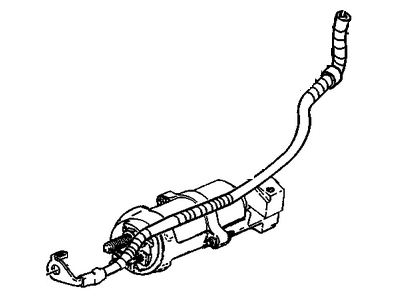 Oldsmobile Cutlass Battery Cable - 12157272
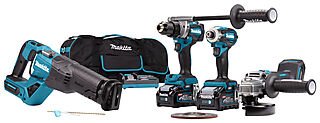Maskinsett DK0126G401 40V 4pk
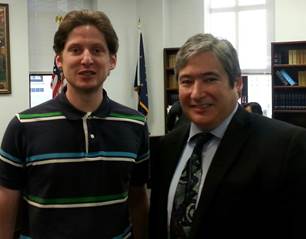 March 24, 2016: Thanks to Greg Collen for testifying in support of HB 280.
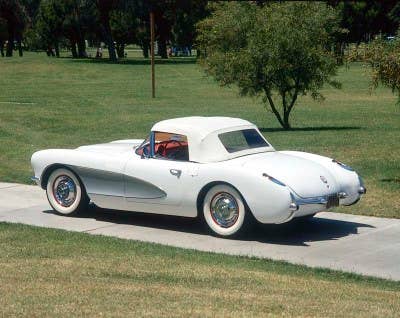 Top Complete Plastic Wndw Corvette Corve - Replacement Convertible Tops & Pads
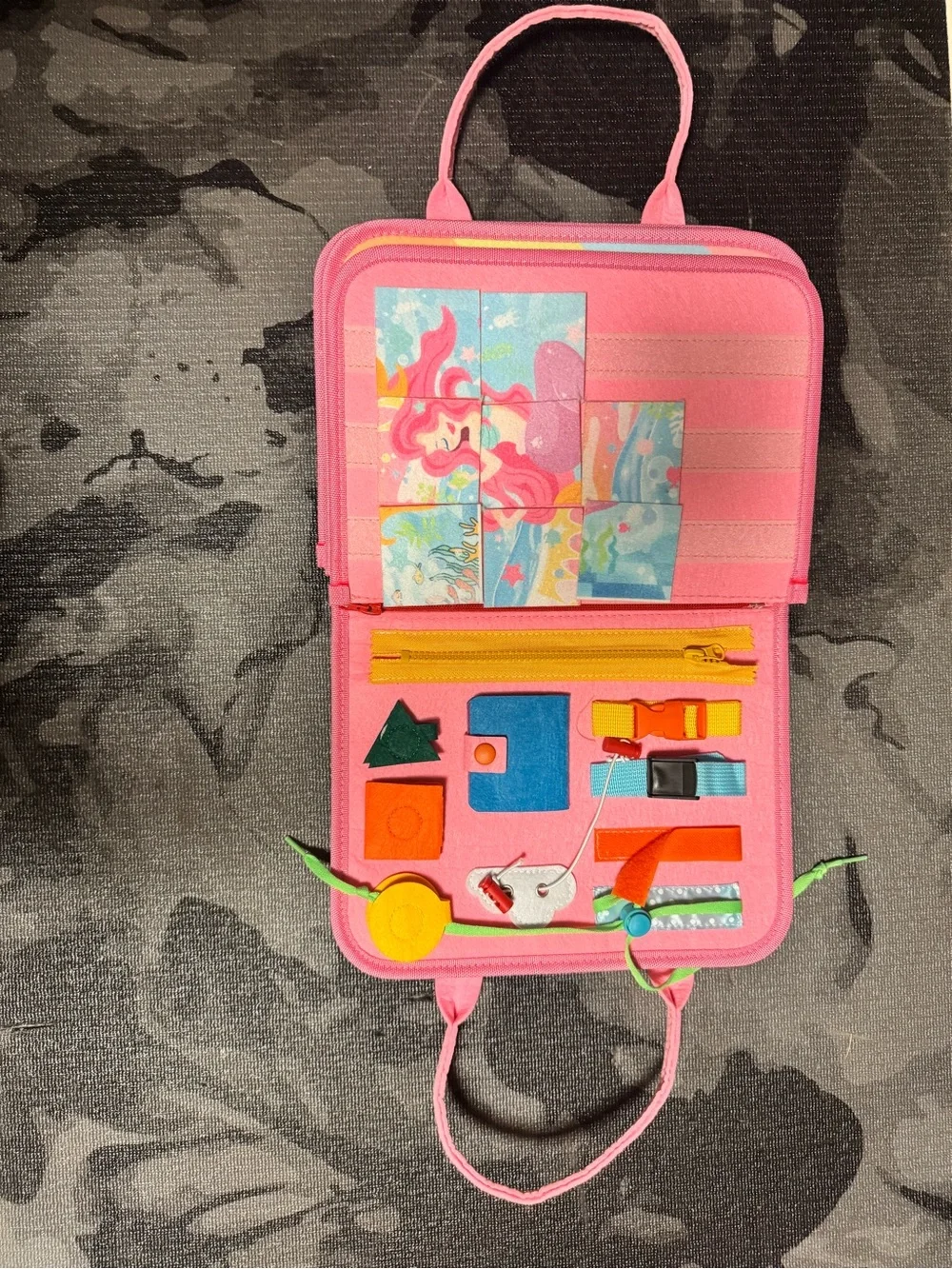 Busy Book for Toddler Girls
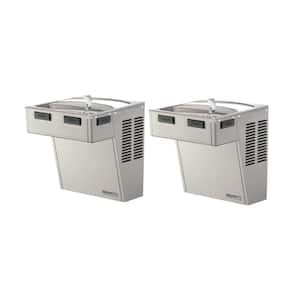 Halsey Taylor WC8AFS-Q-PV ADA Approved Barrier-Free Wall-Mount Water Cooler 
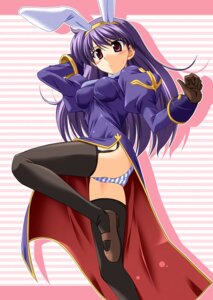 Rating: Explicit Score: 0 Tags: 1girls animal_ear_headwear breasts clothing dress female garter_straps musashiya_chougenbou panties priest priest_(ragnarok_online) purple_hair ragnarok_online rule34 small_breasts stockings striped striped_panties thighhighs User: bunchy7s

※

Task>
Your answer should contain only the lines from the beginning of the listing above through the line with "Busy Book for Toddler Girls", copied exactly and without the pictures.

Exercise response>
 Oldsmobile Cutlass Battery Cable - 12157272
Maskinsett DK0126G401 40V 4pk
 March 24, 2016: Thanks to Greg Collen for testifying in support of HB 280.
 Top Complete Plastic Wndw Corvette Corve - Replacement Convertible Tops & Pads
 Busy Book for Toddler Girls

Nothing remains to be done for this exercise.